Pictures with short captions
╔══
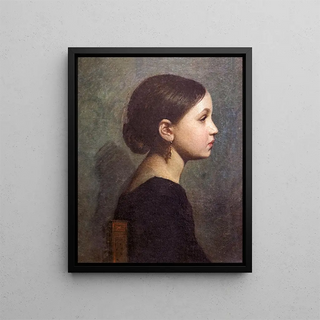 Portrait of a Girl After the Ball - Armand Cambon — framed artwork on a wall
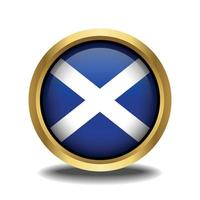 Scotland Flag circle shape button glass in frame golden vector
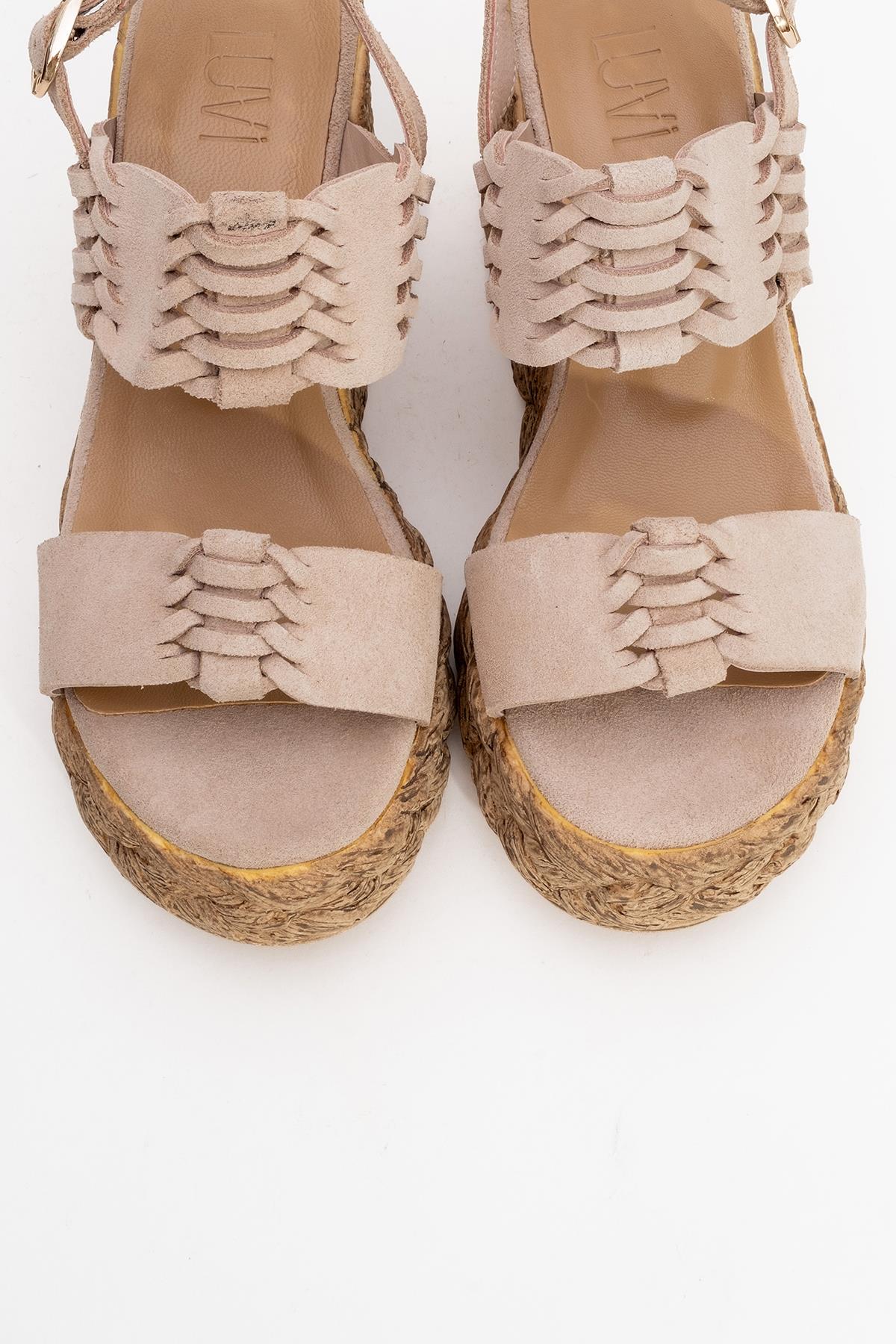 Olien - Beige Suede Leather Platform Espadrilles – side view showing leather, suede, Vowalisse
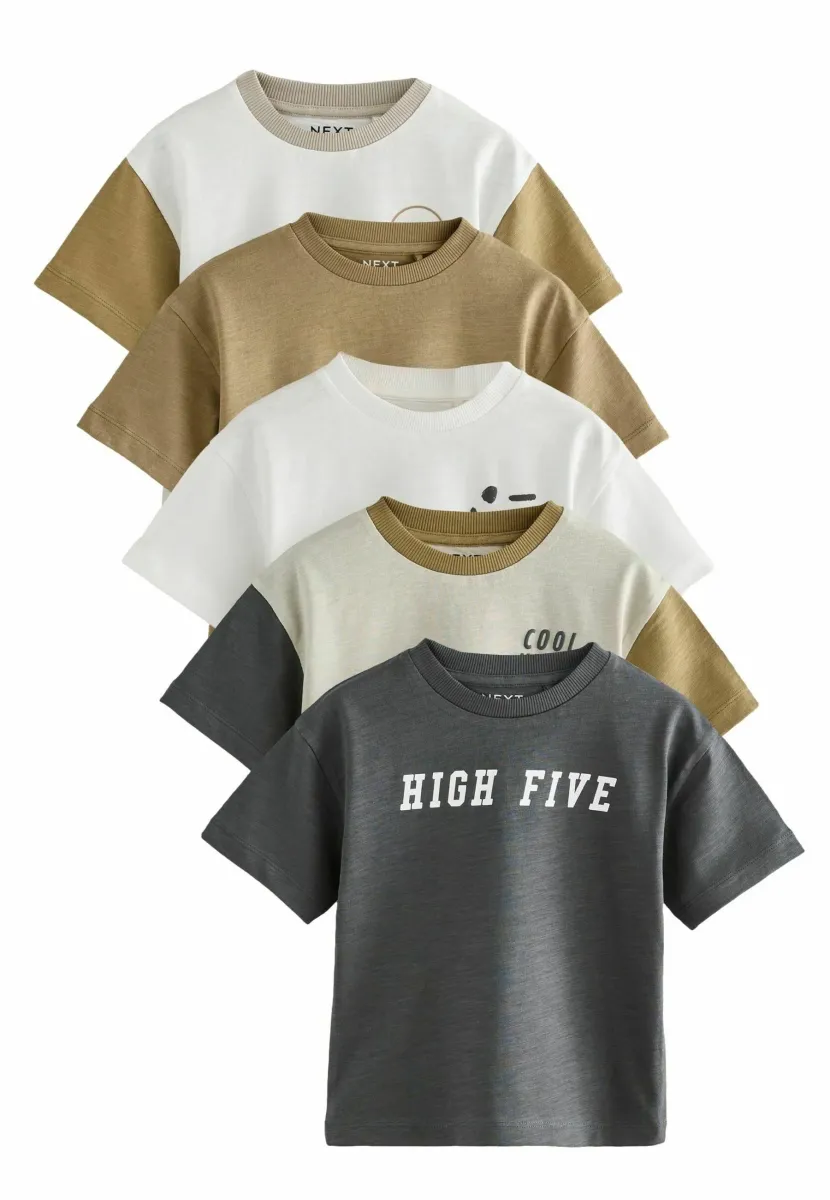 TRANSPORT SHORT SLEEVE FIVE PACK  - T-Shirt print - multi neutral slogan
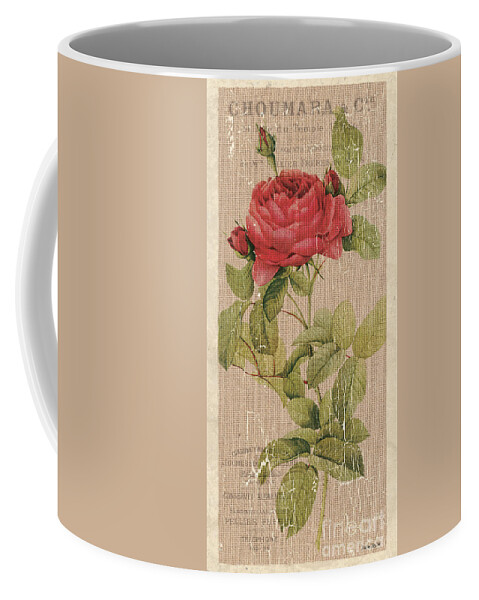 Floral Coffee Mug featuring the painting Vintage Burlap Floral by Debbie DeWitt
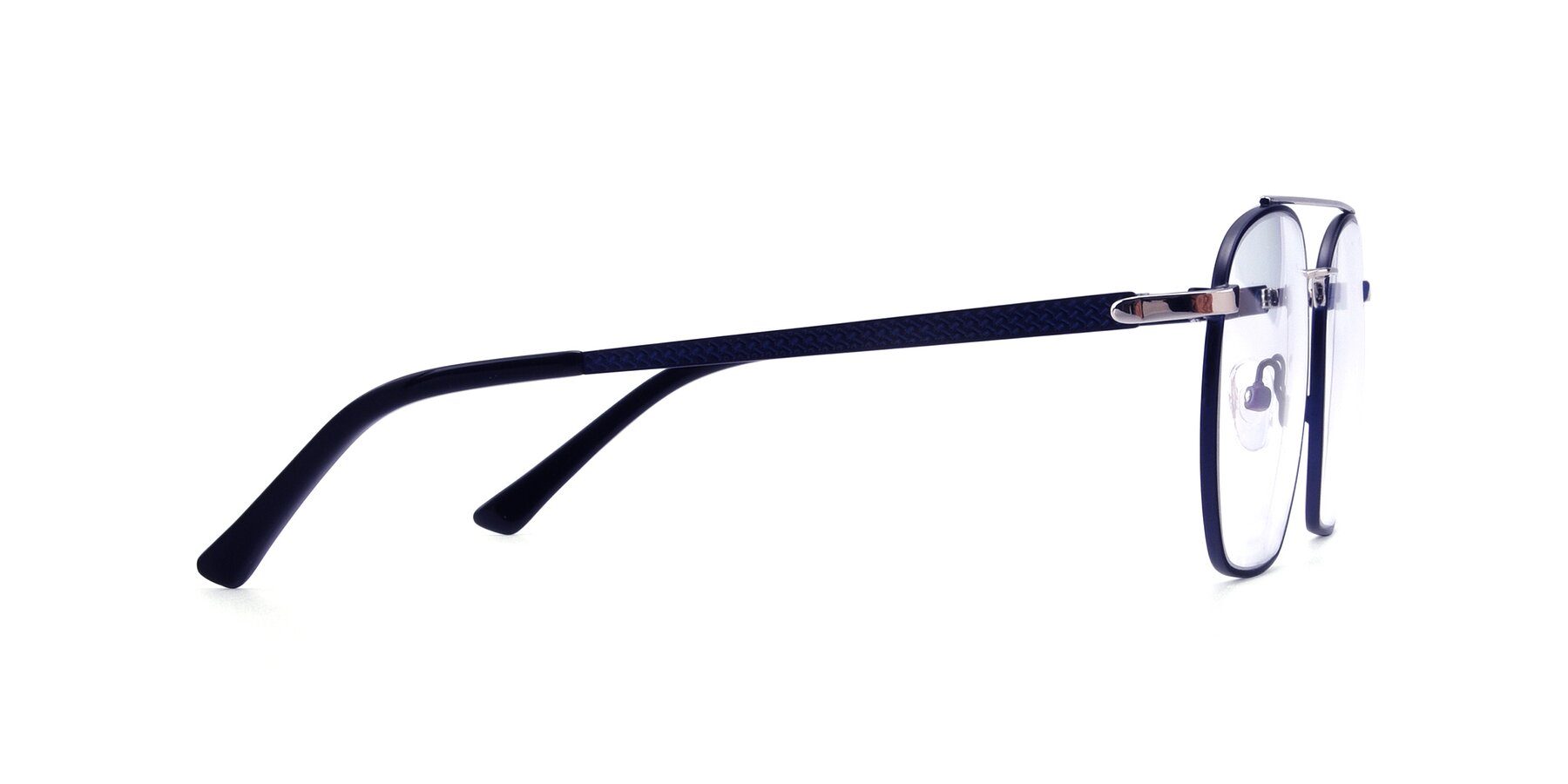 Side of 9425 in Blue-Silver with Clear Reading Eyeglass Lenses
╚══
- [WHAT YOU ARE ASKED TO DO]:
Leave out the pictures, and give all the records again exactly.

- [TASK RESPONSE]:
 Portrait of a Girl After the Ball - Armand Cambon — framed artwork on a wall
 Scotland Flag circle shape button glass in frame golden vector
 Olien - Beige Suede Leather Platform Espadrilles – side view showing leather, suede, Vowalisse
 TRANSPORT SHORT SLEEVE FIVE PACK  - T-Shirt print - multi neutral slogan
 Floral Coffee Mug featuring the painting Vintage Burlap Floral by Debbie DeWitt
 Side of 9425 in Blue-Silver with Clear Reading Eyeglass Lenses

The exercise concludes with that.